[Opening Records for this task section]
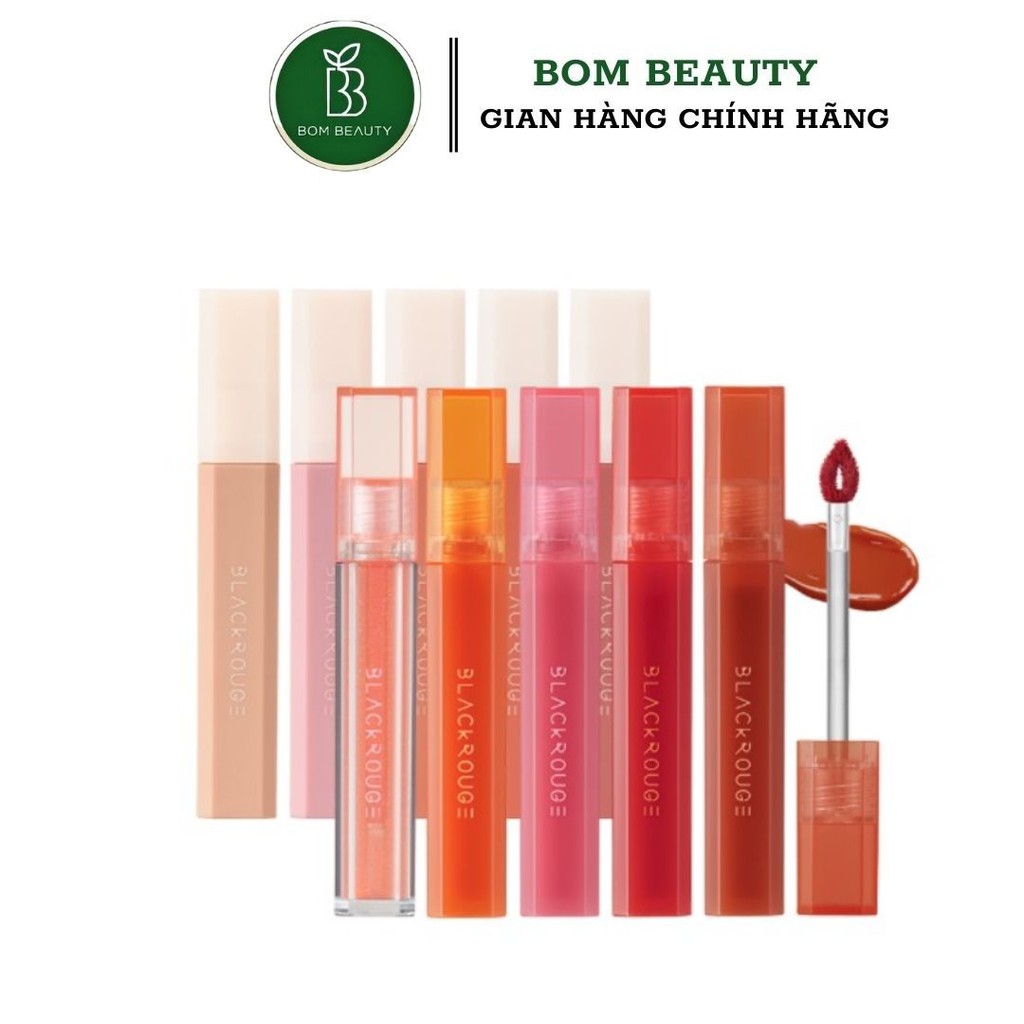 (Thanh lý-xả kho) Son Kem Lì Mịn Mượt Nhẹ Môi Black Rouge Half N Half Water Velvet 2021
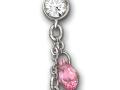 SWAROVSKI HELLO KITTY 粉紅色耳釘 - 施華洛世奇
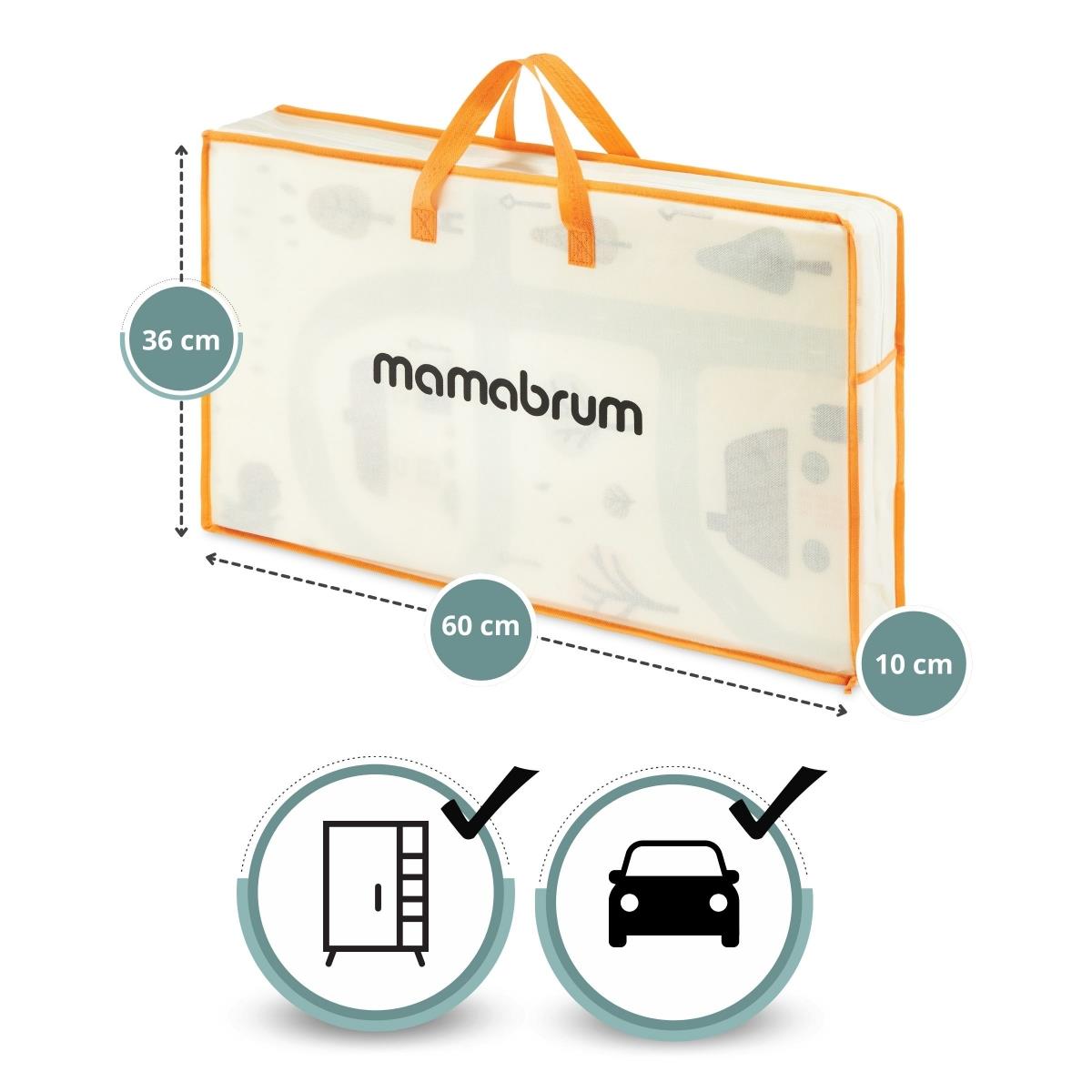 Tapis pliant double face en mousse 180 x 120 x 1cm - Charming Town/Sand Beige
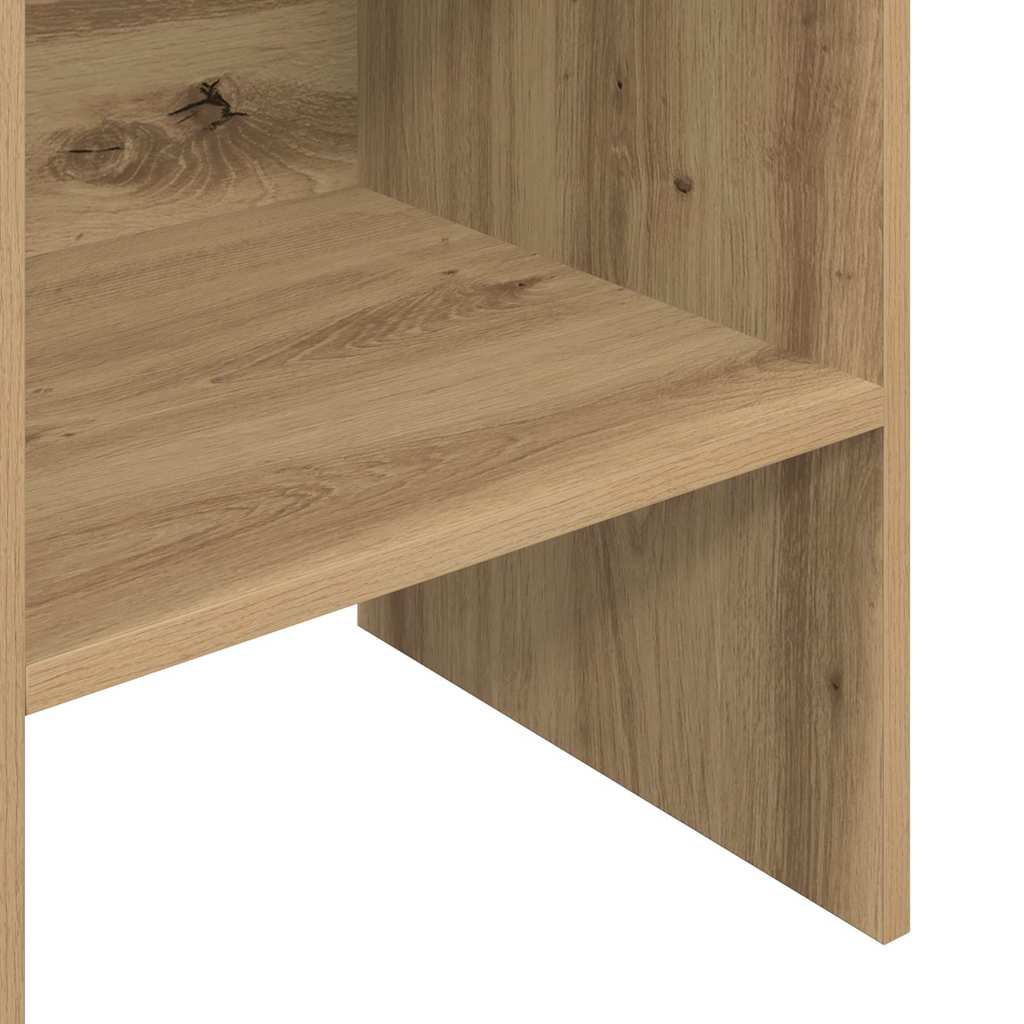 vidaXL Βιβλιοθήκη artisan δρυς 40 x 35 x 180 εκ. Επεξεργασμένο ξύλο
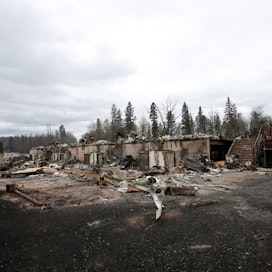 Fort McMurrayn kaupunki paloi pahasti Albertassa ja sen asukkaat ovat edelleen evakossa. LEHTIKUVA/AFP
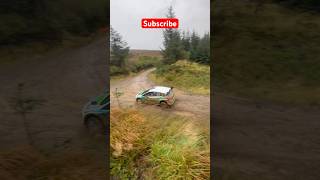 Ford Fiesta Rally 2 Overshoot amp Stall Clare Forestry Rally 2024 rally automobile ford car wrc [upl. by Mullins]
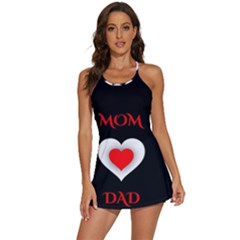 Mom And Dad, Father, Feeling, I Love You, Love 2-in-1 Flare Activity Dress by nateshop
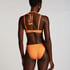 Majtki Bikini Rio Scallop Lurex, Pomarańczowy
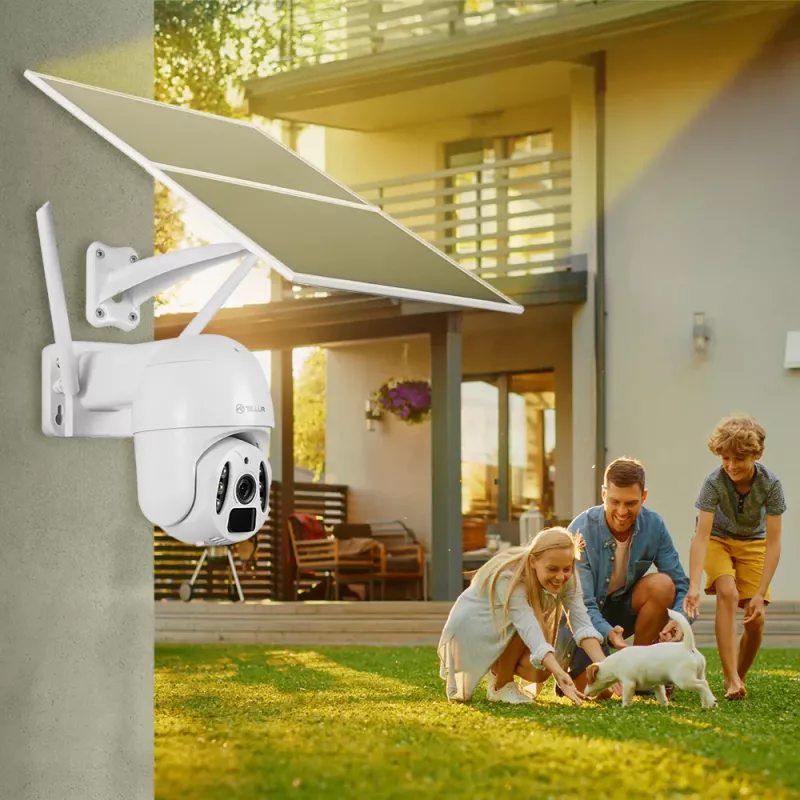 Bezpečnostná kamera Tellur Smart WiFi Solar Camera P&T 3MP 2K UltraHD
[Closing Records for this task section]
From the first line of the records through the line containing "vidaXL Βιβλιοθήκη artisan", please output exactly those lines and nothing more, leaving out the pictures.

 (Thanh lý-xả kho) Son Kem Lì Mịn Mượt Nhẹ Môi Black Rouge Half N Half Water Velvet 2021
 SWAROVSKI HELLO KITTY 粉紅色耳釘 - 施華洛世奇
 Tapis pliant double face en mousse 180 x 120 x 1cm - Charming Town/Sand Beige
 vidaXL Βιβλιοθήκη artisan δρυς 40 x 35 x 180 εκ. Επεξεργασμένο ξύλο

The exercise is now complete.